Ecco, parlando di delivery capiremo chi si sta adattando - e gli si sta allungando il collo - e chi no. Partiamo dal presupposto base del marketing che dice che non c’è un modo semplice e veloce per fare i soldi e incrementare il proprio business. Bisogna pianificare, organizzare, testare, fallire e ripartire. Abbiamo avuto tanti giorni per pensare e il mondo si è diviso in 2: chi si è fermato e sta aspettando la manna dal “governo”, sperando in aiuti che mettano in salvo la sua attività e chi si è messo sotto tirando fuori idee che probabilmente lo salveranno. Fare delivery non significa passare dal portare il piatto in tavola al portarlo a casa. Si tratta di instaurare una nuova relazione con il cliente, non peggiore, non migliore ma diversa. Il cliente non vedrà più il piatto integrato in una situazione che il ristoratore aveva costruito per lui (l’ambiente, i camerieri, la mise en place, etc.) ma vivrà “solo” la sua essenza. Ecco perchè c’è chi -in maniera astuta- sta ripensando daccapo un menù studiato ad hoc per la consegna, oppure chi prende un piatto che già aveva in carta e lo “smembra” chiedendo al cliente di ricomporlo -facendolo così sentire parte della produzione-. C’è chi, invece, decide di consegnare dei piatti la cui cottura va finalizzata a casa, facendo giocare il cliente al “piccolo chef” e facendolo sentire parte della ricetta, tutto ciò non modificando quasi nulla della ricetta originale. Tutto questo dimostra creatività, voglia di esserci e di continuare a fare questo lavoro. Anche se tutto, pure Madre Natura, ci si mette contro. Nella lista delle persone e delle aziende che stanno “combattendo” per sopravvivere a questa quarantena (e chissà, magari iniziare un nuovo tipo di business a fine lockdown) mettiamo anche chi sta nascendo per aiutare ristoranti e botteghe in questo processo di delivery. E non parliamo dei colossi del delivery, che tutti conosciamo e sappiamo bene i loro costi e percentuali. Di seguito una selezione di piattaforme meno conosciute ma non per questo meno utili.



  1. SATISPAY: https://www.satispay.com/it-it/consegna-e-ritiro/ Il servizio utilizza una piattaforma già esistente e funzionante a cui aggiunge la voce “Consegna e Ritiro”. Permette agli esercenti di ricevere gli ordini telefonicamente, richiedere e accettare i pagamenti tramite app, semplificando così le operazioni di ritiro e di consegna. Due le opzioni: consegna a domicilio o prenota e ritira. Il servizio sarà disponibile per gli esercenti gratuitamente fino alla fine di maggio.

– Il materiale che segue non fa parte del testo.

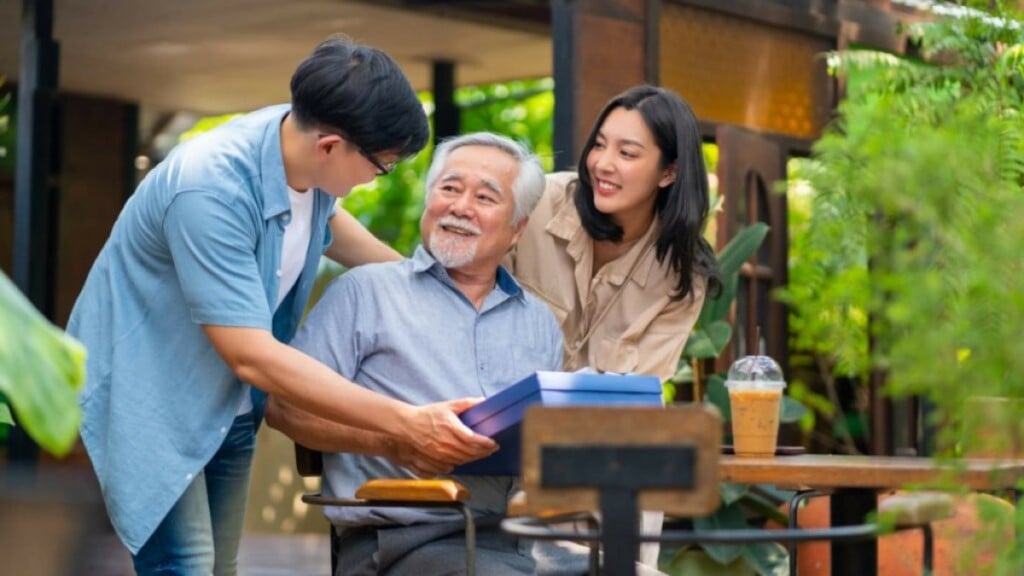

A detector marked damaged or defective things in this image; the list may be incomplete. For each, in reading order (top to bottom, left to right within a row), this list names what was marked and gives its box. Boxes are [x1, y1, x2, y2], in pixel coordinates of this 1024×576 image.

rusty metal panel [659, 2, 835, 139]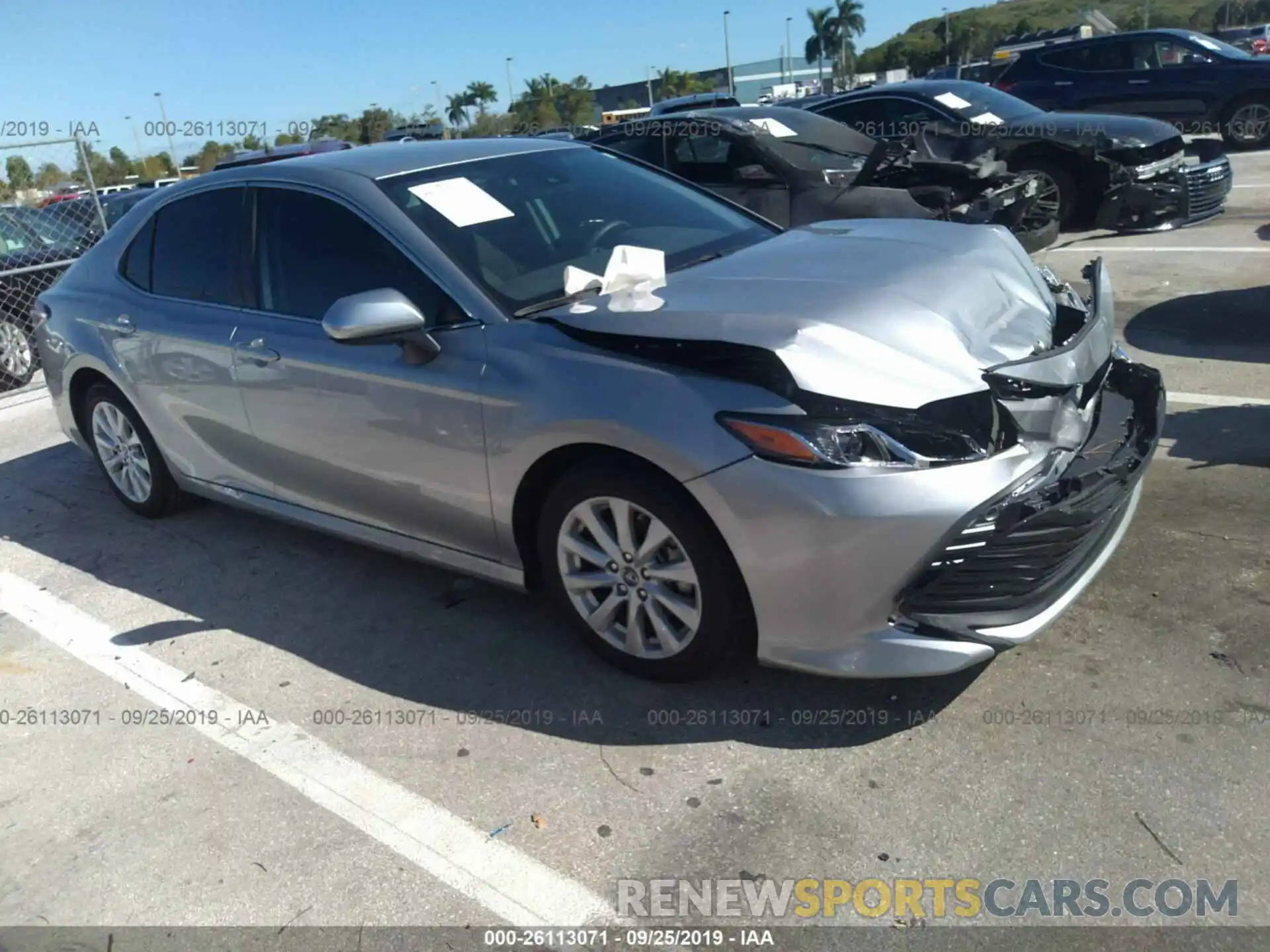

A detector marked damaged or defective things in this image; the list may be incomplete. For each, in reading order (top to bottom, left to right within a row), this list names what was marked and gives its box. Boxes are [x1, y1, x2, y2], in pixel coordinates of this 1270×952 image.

damaged black sedan [579, 107, 1058, 253]
damaged black sedan [799, 80, 1233, 233]
broken headlight [1127, 151, 1185, 181]
damaged bumper [1090, 139, 1228, 233]
crumpled hood [550, 219, 1058, 410]
broken headlight [720, 410, 990, 471]
damaged bumper [683, 257, 1159, 682]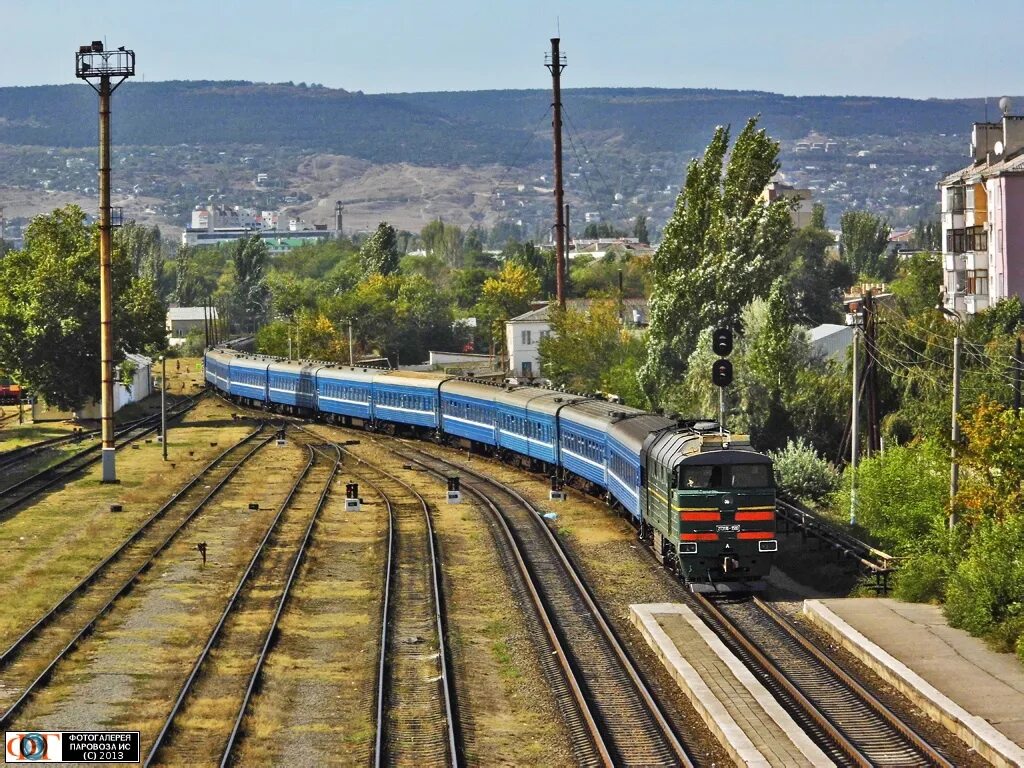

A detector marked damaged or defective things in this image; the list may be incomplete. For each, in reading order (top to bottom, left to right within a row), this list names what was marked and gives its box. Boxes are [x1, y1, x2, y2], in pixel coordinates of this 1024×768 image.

rusty metal tower [74, 40, 135, 481]
rusty metal tower [544, 38, 569, 309]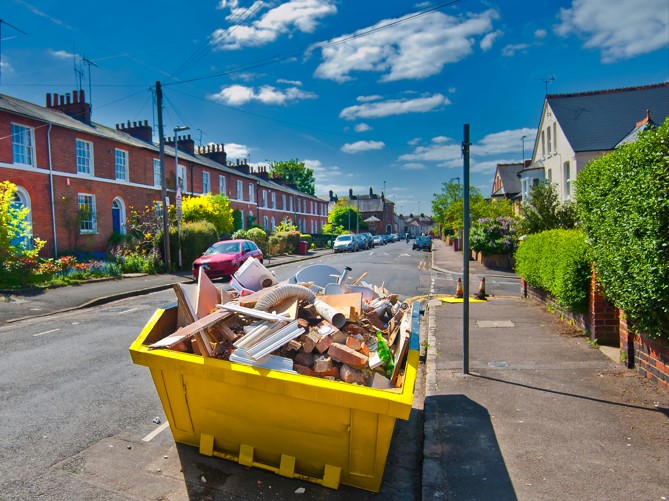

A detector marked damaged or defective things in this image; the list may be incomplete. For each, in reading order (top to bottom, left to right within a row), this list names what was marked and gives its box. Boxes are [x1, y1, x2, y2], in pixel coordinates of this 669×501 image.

broken brick [326, 340, 368, 368]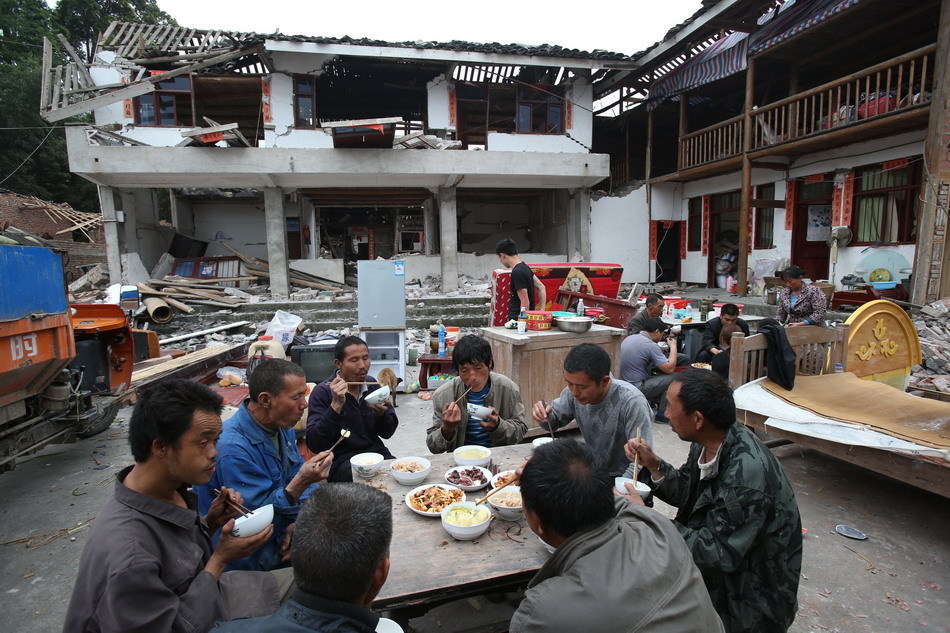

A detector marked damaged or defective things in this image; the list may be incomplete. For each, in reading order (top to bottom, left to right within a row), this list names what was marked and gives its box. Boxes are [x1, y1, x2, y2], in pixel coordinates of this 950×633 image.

damaged two-story building [42, 21, 640, 294]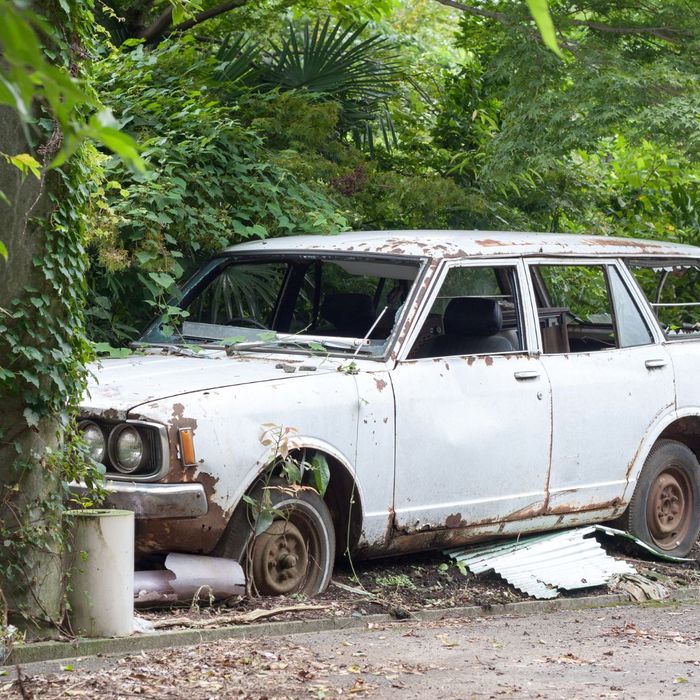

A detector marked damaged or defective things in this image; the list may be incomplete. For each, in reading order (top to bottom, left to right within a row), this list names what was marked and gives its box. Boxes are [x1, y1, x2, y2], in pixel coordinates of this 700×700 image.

rusted wheel rim [252, 516, 314, 592]
abandoned car [72, 232, 700, 592]
rusty car body [74, 232, 700, 592]
rusted wheel rim [648, 468, 692, 548]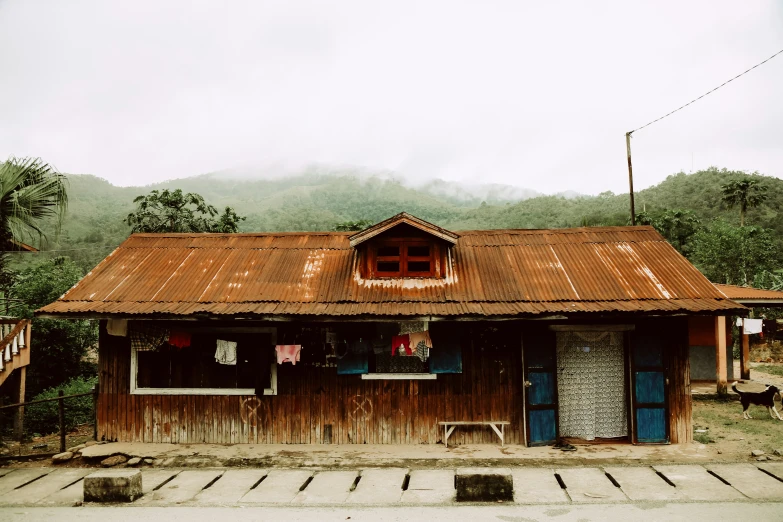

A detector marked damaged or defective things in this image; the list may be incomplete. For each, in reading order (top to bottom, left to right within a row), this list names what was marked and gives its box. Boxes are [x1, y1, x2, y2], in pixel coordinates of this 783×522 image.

rusty corrugated roof [38, 223, 748, 316]
rusty corrugated roof [716, 284, 783, 304]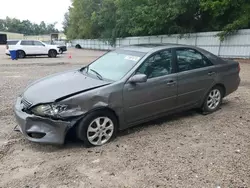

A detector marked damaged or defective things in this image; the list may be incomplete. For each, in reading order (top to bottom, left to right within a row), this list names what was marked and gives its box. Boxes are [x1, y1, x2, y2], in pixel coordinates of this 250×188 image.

crumpled hood [23, 69, 109, 104]
front bumper damage [13, 97, 77, 145]
damaged front end [14, 96, 82, 145]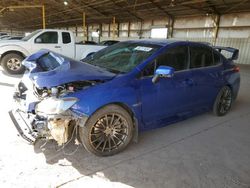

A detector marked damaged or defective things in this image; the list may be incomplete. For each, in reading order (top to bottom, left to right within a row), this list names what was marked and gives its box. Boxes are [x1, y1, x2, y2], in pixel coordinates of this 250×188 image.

crumpled hood [23, 50, 115, 88]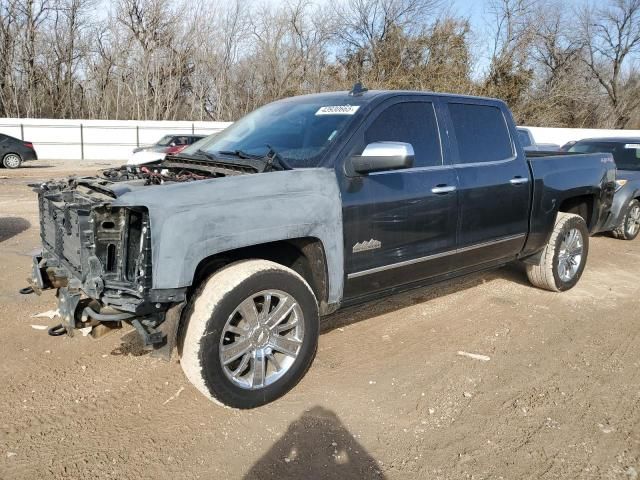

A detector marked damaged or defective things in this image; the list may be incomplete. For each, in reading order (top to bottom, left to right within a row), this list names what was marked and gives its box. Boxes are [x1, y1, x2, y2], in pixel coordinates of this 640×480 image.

  2. IORESTOACASA.DELIVERY: https://iorestoacasa.delivery/ Suddiviso per categorie merceologiche, iorestoacasa.delivery è pensato per permettere agli utenti di cercare i negozi vicini che offrono servizio di consegna a casa e dare visibilità agli esercenti. L’utilizzo di questo sito è completamente gratuito.

  3. FOOD2ME: https://www.food2me.it/ Un sistema di raccolta ordini per attività di ristorazione. Menù interamente amministrato dall’esercente, si paga attraverso il sito con carta di credito o in contanti alla consegna e si può sia ricevere a casa l’ordine sia ritirarlo direttamente al ristorante. Piattaforma gratuita ma solo fino a Giugno 2020.

  4. COLLIGO: https://colligo.shop/home Nasce senza scopo di lucro e con l’intento di mettere in contatto le piccole e medie botteghe, con i consumatori, in maniera totalmente gratuita (ora e per sempre). Consente di ordinare la spesa direttamente all’esercente, da cellulare o da computer per poi ritirarla in totale sicurezza presso il negozio, in un orario concordato con l’esercente, oppure di fruire del servizio di consegna a domicilio, se previsto dal negoziante.

  5. DELIVERYROMA: https://www.deliveryroma.it/ Portale web autogestito che mette in rete operatori del food & beverage romani che offrono servizi a domicilio come: la fornitura del personale di delivery, consulenze, formazioni e supporto, piattaforme per consegne a domicilio, etc.

  6. COSEGNACASA.IT: https://consegnacasa.it/ Un sito strutturato con la possibilità di configurare la proprio pagina, inserire il proprio menù, applicare la scontistica, ottenere analisi sul fatturato e lista giacenze. I Costi di gestione per ora sono gratuiti ma solo fino a Luglio 2020.

  7. SPESADALWEB.IT: https://www.spesadalweb.it/ Raccoglie varie categorie merceologiche mettendo insieme farmacie, aziende agricole, sanitarie, negozi per animali e classiche botteghe. L’utente selezione il negozio e invia l’ordine, nel caso di dubbi e mancanze il commerciante contatta il cliente chiedendo maggiori informazioni. Il servizio funziona con delivery ed è completamente gratuito.


In conclusione:

Queste informazioni possono aiutarti a capire come far muovere il tuo business in un momento così difficile. Sta solo a te decidere se il tuo collo si allungherà o no. 🦒 Se conosci o stai usando altre piattaforme segnalacele, le aggiungeremo alla lista!


Prima di andare via:

1: Leggi pure https://www.cheersadv.com/post/delivery-un-antidoto-per-la-ristorazione

2: Se hai trovato utile l'articolo condividilo sui tuoi social!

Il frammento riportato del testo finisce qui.